= Beginning of Section =

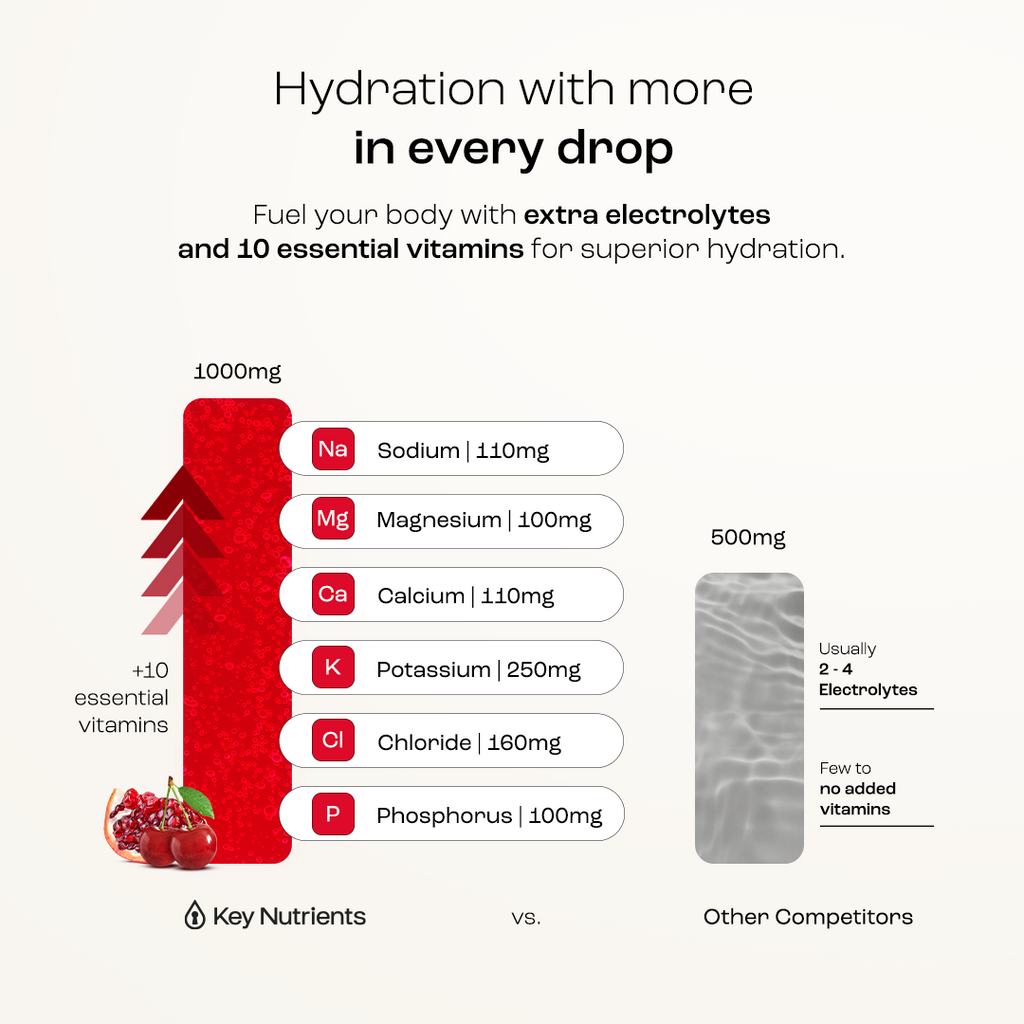 Sugar-Free Electrolyte Recovery Powder | Key Nutrients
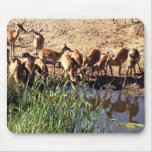 Antelopes at a watering place mouse pad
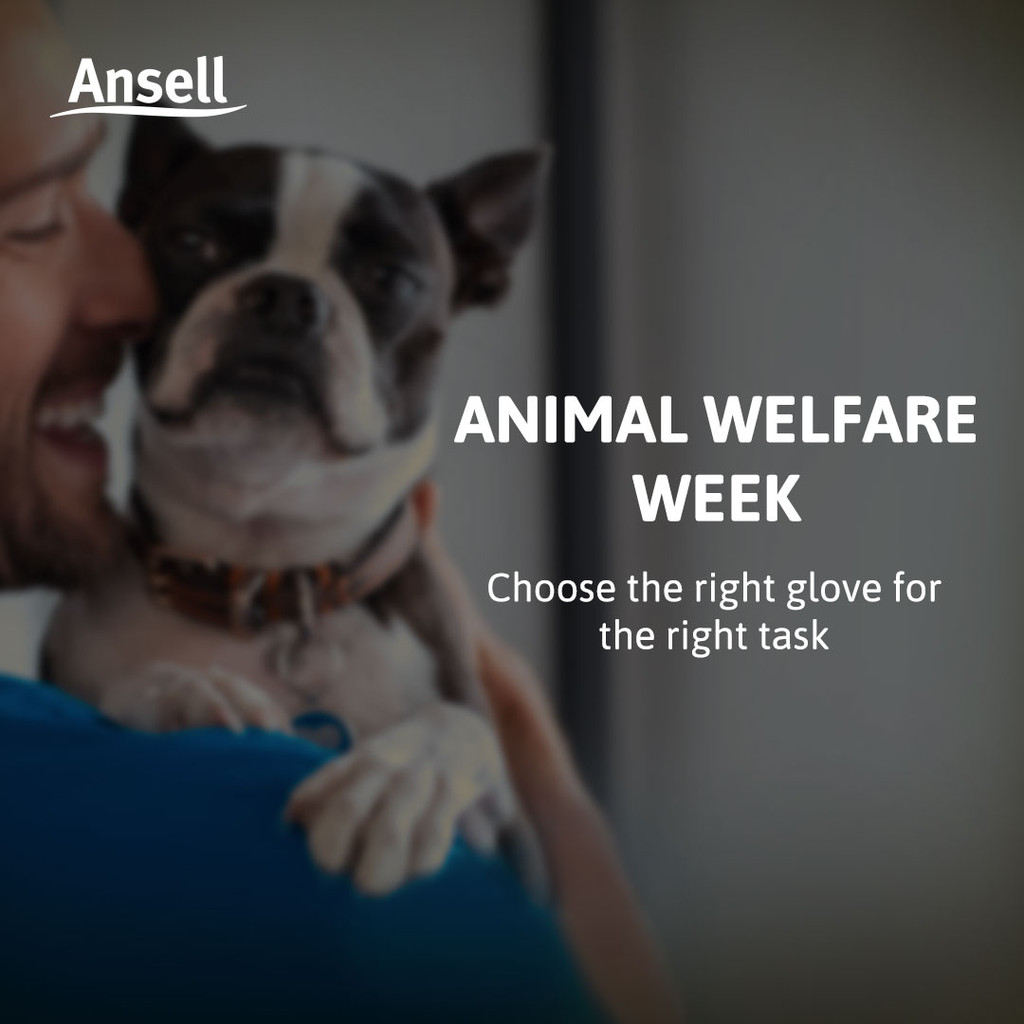 This week, we acknowledge the precision and dedication that enable exceptional pet care through the careful glove selection process. 

Read more: bit.ly/3PZ8W93

#AnsellProtects #AnsellCARES #AnimalWelfareWeek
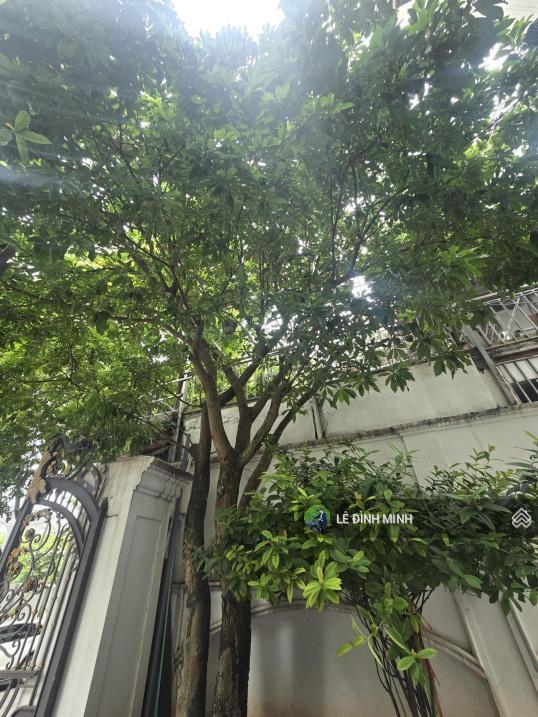 Biệt thự mới đẹp tại pháp vân. diện tích 288m2, mặt tiền 15m, thiết kế 04 tầng, thang máy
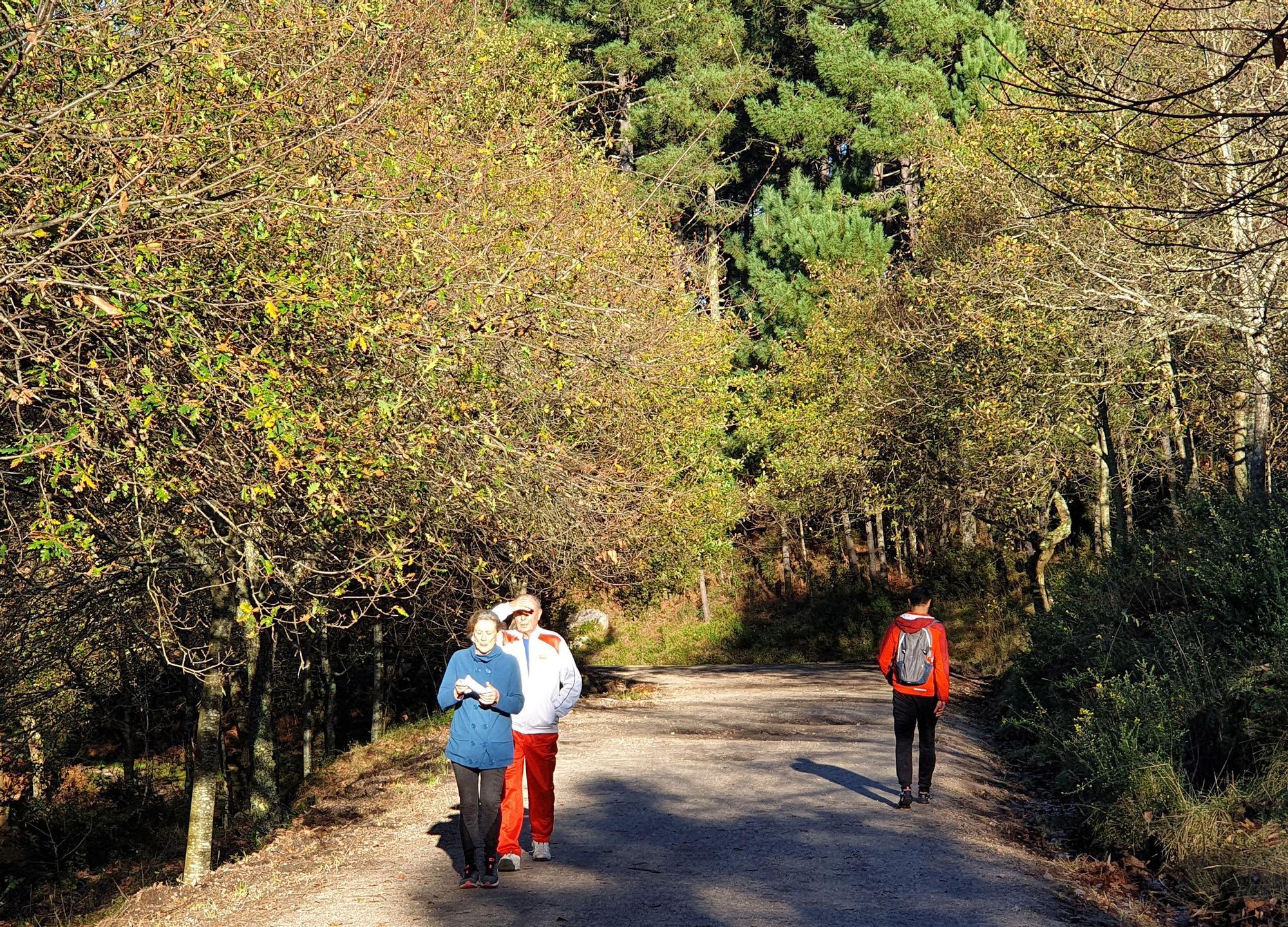 Vigo vuelve a la primavera por tres días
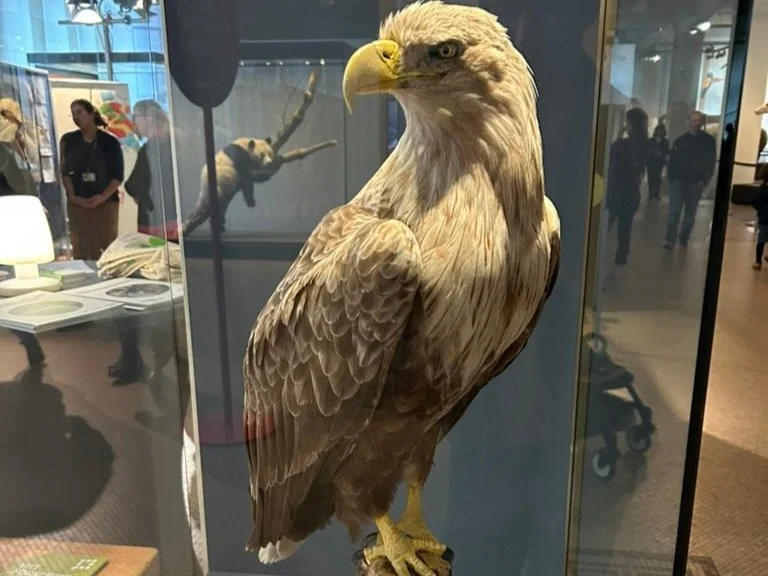 Unity as a fusion product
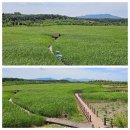 노을빛 정원 이미지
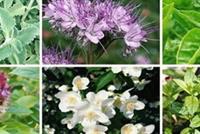 لبنان غني بأعشاب تقوي جهاز المناعة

= End of Section =

Retype each record exactly as it stands, but do not include the pictures.

 Sugar-Free Electrolyte Recovery Powder | Key Nutrients
 Antelopes at a watering place mouse pad
 This week, we acknowledge the precision and dedication that enable exceptional pet care through the careful glove selection process. 

Read more: bit.ly/3PZ8W93

#AnsellProtects #AnsellCARES #AnimalWelfareWeek
 Biệt thự mới đẹp tại pháp vân. diện tích 288m2, mặt tiền 15m, thiết kế 04 tầng, thang máy
 Vigo vuelve a la primavera por tres días
 Unity as a fusion product
 노을빛 정원 이미지
 لبنان غني بأعشاب تقوي جهاز المناعة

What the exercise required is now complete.